Union government has taken decisions in favour of IL&FS to ensure the needed liquidity by the company.

What is IL&FS issue about?

  • Infrastructure Leasing & Financial Services (IL&FS) is a Non-Banking Finance corporation (NBFS) which lends for infrastructural projects.
  • The infrastructure lender has a total consolidated debt of close to Rs 1 lakh crore, and it started to miss deadlines on its debt obligations beginning August 27, 2018.
  • It has already defaulted on around Rs 450 crore worth of inter-corporate deposits to Small Industries Development Bank of India (SIDBI).
  • The panic in the fixed income market due to the IL&FS default has led to a liquidity freeze, and fund managers say it is putting pressure on the equity markets too.
  • With IL&FS desperately looking for a bailout, state-owned insurance behemoth LIC came forward to help the company.

What is the government’s decision on IL&FS?

  • IL&FS company is listed as “systemically important” by the Reserve Bank of India, and with over Rs. 1,15,000 crore of assets and Rs. 91,000 crore of debt, it is too big to fail.
  • The inter linkages between IL&FS and other financial sector entities such as banks, mutual funds and infrastructure players are too strong and the company would have taken them all down with it if it were allowed to fail.
  • Union government has explicitly stated that needed liquidity will be arranged for IL&FS from the financial system.
  • Government had also sent out an unambiguous message to the markets that it will not allow the company to fail.
  • The Centre’s has decided to supersede the Board of Directors of the troubled Infrastructure Leasing & Financial Services (IL&FS).

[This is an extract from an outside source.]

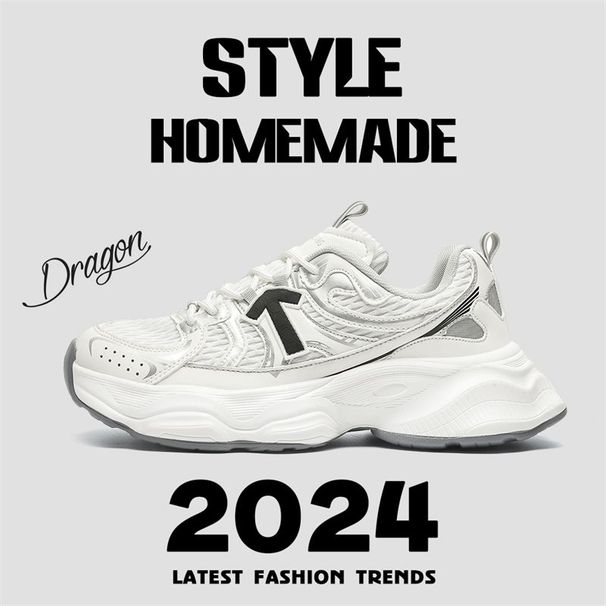 Men 2024 Spring Small White Couple Mesh Surface Breathable Casual Thick Sole Increase Sports Shoes For Men And Women_vogvips.com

What are the concerns with government’s decision?

  • The annual general meeting of shareholders of IL&FS on September 29 had approved a rights issue of Rs. 4,500 crore and a debenture issue of Rs. 15,000 crore.
  • But which lender or shareholder would commit to extending support to the company when it was defaulting regularly and the same set of people responsible for the mismanagement continued to be in charge
  • Against this backdrop, a change in management and the appointment of experienced people should lend confidence to lenders and investors, but government has delayed to act in this regard.
  • In fact, a lot of the turbulence witnessed in the debt and stock markets due to the IL&FS issue could have been avoided had the government acted earlier.

What measures needs to be taken?

  • Any rescue plan for the beleaguered company obviously had to begin with replacing the existing management that was responsible for mismanaging its affairs.
  • Considering the size of the company, the problem appears to be one of liquidity and not solvency it is a classic case of over-leveraging, and an asset-liability mismatch caused by funding projects of 20-25 years payback period with relatively short-term funds of 8-10 years.
  • There is a felt need here for long-term finance sources for infrastructure projects.
  • The LIC and some insurance companies are the only domestic sources and they too do not lend beyond 10 to 12 years.
  • The Centre and the RBI should look at ways to deepen the debt markets where infrastructure players can borrow long-term.
  • It also needs to be analysed how a company listed as “systemically important” managed to fly under the radar with mis-governance.